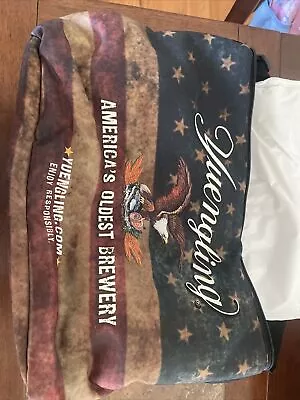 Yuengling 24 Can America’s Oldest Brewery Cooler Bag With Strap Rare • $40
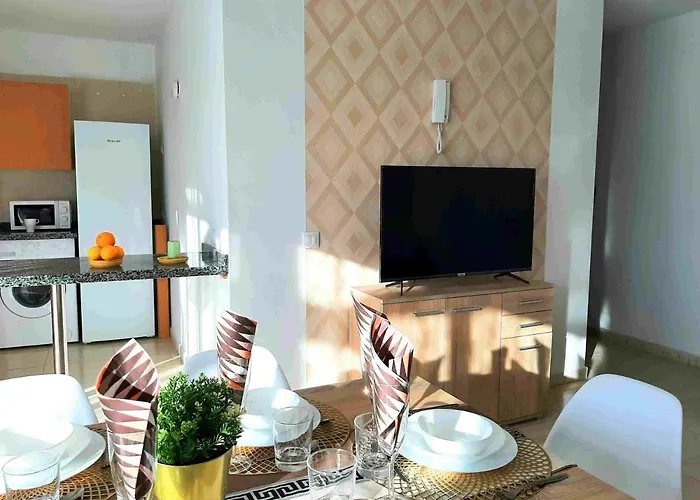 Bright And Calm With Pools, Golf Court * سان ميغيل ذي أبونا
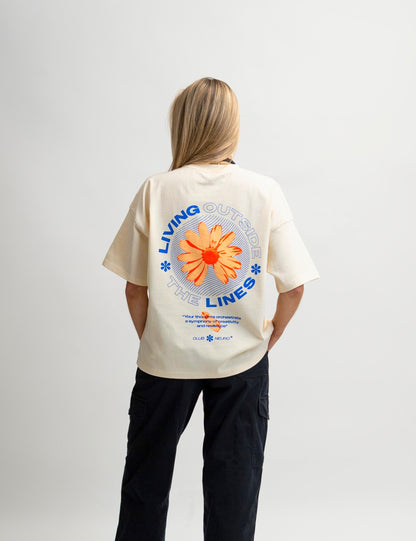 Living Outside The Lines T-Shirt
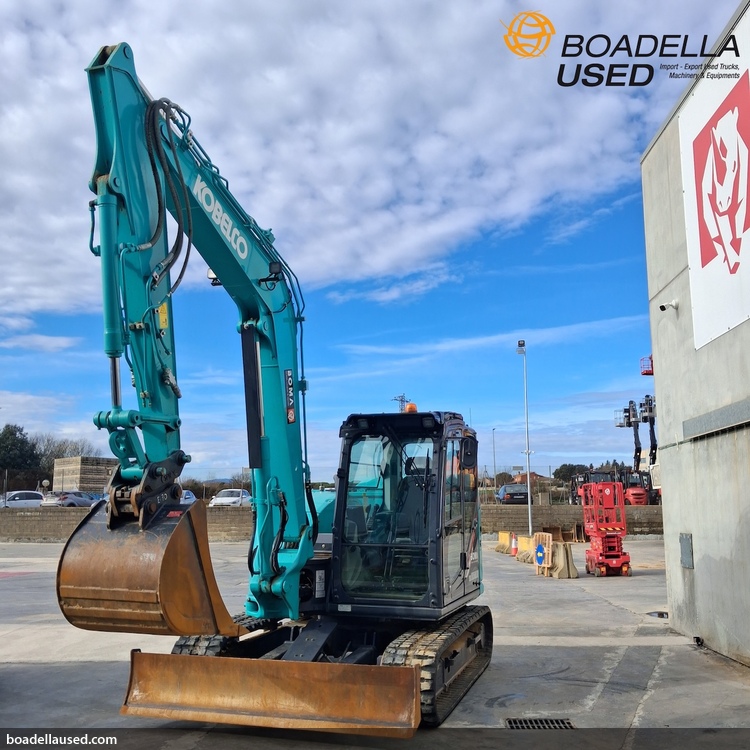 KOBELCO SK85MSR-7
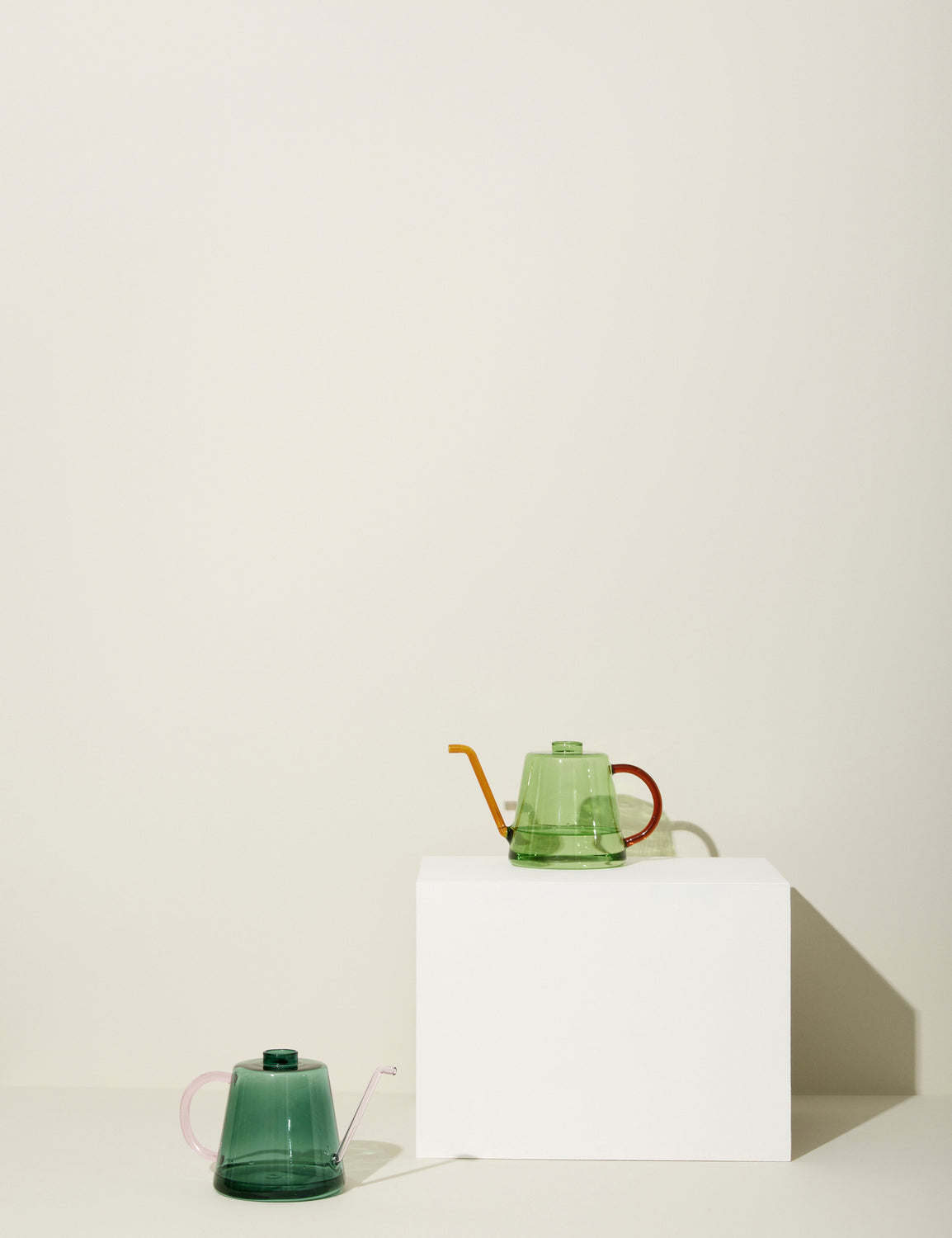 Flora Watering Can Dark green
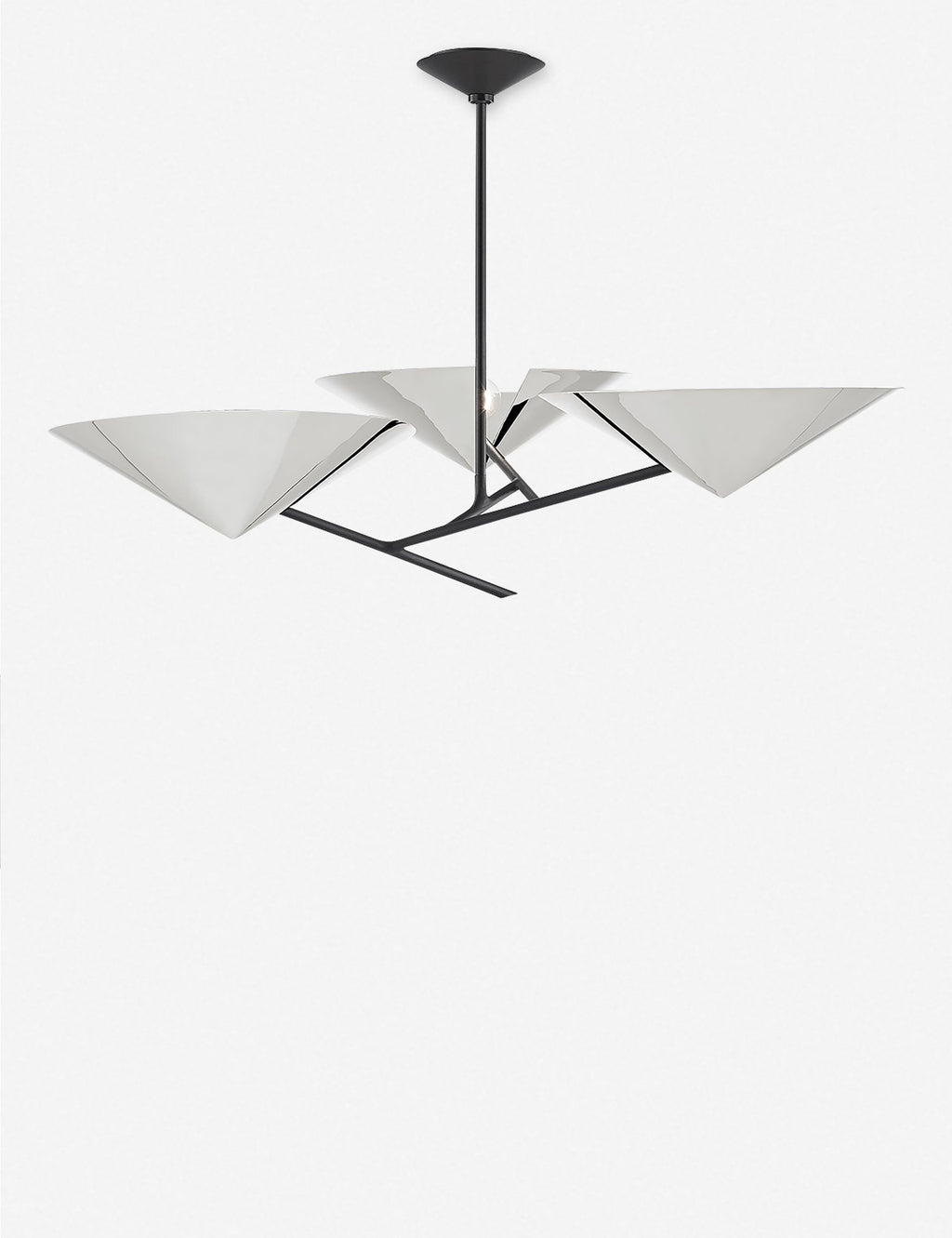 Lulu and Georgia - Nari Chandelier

**Your goal**
Reproduce the listing above exactly, without a single picture.

**Written reply**
 Yuengling 24 Can America’s Oldest Brewery Cooler Bag With Strap Rare • $40
 Bright And Calm With Pools, Golf Court * سان ميغيل ذي أبونا
 Living Outside The Lines T-Shirt
 KOBELCO SK85MSR-7
 Flora Watering Can Dark green
 Lulu and Georgia - Nari Chandelier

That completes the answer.